I am studying Laplace's equation from the book "Elliptic partial differential equations of second order" written by Gilbarg and Trudinger. Here I am struggling to grasp a concept regarding the fundamental solution of Laplace's equation.
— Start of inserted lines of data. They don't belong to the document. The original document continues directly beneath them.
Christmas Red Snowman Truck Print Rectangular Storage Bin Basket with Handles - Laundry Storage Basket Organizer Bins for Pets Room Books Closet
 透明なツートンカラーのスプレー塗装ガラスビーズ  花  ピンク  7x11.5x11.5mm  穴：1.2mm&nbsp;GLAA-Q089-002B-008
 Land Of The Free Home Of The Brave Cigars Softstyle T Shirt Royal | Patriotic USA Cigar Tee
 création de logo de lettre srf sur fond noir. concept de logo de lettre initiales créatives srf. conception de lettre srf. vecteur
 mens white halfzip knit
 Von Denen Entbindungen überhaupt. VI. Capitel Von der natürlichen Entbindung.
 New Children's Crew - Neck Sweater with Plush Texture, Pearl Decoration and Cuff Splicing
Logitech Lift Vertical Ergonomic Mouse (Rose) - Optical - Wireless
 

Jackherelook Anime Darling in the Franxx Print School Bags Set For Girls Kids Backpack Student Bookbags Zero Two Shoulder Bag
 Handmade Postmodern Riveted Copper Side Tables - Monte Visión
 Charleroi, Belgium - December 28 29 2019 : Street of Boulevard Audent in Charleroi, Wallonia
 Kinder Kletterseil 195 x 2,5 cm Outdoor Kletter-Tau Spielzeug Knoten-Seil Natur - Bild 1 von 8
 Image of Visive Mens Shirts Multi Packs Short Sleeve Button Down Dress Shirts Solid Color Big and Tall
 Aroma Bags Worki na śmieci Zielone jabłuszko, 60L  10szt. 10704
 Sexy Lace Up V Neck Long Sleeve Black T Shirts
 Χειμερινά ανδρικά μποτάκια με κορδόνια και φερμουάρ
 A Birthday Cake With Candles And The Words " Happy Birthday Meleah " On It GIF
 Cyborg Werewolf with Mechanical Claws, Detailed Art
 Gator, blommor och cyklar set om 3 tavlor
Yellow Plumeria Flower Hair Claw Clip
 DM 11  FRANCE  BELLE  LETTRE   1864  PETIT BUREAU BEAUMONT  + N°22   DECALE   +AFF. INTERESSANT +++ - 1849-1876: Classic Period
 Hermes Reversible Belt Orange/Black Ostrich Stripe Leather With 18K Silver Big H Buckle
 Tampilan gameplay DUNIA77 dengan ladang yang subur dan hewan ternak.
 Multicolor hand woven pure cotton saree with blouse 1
Let $n \geq 3$ then the fundamental solution of Laplace's equation at a point $y \in \Omega$ is given by

$$\Gamma (x-y) = \Gamma (|x-y|) = \frac {1} { n (2-n)\omega_n} |x-y|^{2-n},$$ where $x \in \Omega \setminus \{y \}$.Let $B_{\rho} (y)$ denote an open ball centered at $y$ having some small radius $\rho$ . Then this book claims that $\frac {\partial \Gamma} {\partial \nu} = -\Gamma'(\rho)$ on $\partial B_{\rho} (y)$ (where $\nu$ is the unit outward normal to $\partial (\Omega-B_{\rho}))$ just before the equation $(2.16)$ but I couldn't figure out why it should be so.

• So you are the same person posting this question? – user99914 Apr 15 '18 at 21:22
• No he is my friend.I also don't understand this part. So I opted to post it separately. – Dbchatto67 Apr 15 '18 at 21:24

At $x\in \partial B_\rho (y)$, the vector $v_x$ is given by

$$v_x =- \frac{ x-y}{|x-y|}.$$

Thus

$$\frac{\partial \Gamma}{\partial v} = v \cdot \nabla \Gamma =-\frac{x-y}{|x-y|} \cdot \left( \frac{n}{\omega_n} |x-y|^{1-n} \frac{x-y}{|x-y|}\right) = -\frac{n}{\omega_n} |x-y|^{1-n}.$$

On the other hand, writing $\rho = |x-y|$, so

$$\Gamma'(\rho) = \left( \frac{n}{(2-n)\omega_n} \rho^{2-n}\right)' = \frac{n}{\omega_n} \rho^{1-n}.$$

So $\frac{\partial \Gamma}{\partial v} = - \Gamma'(\rho)$.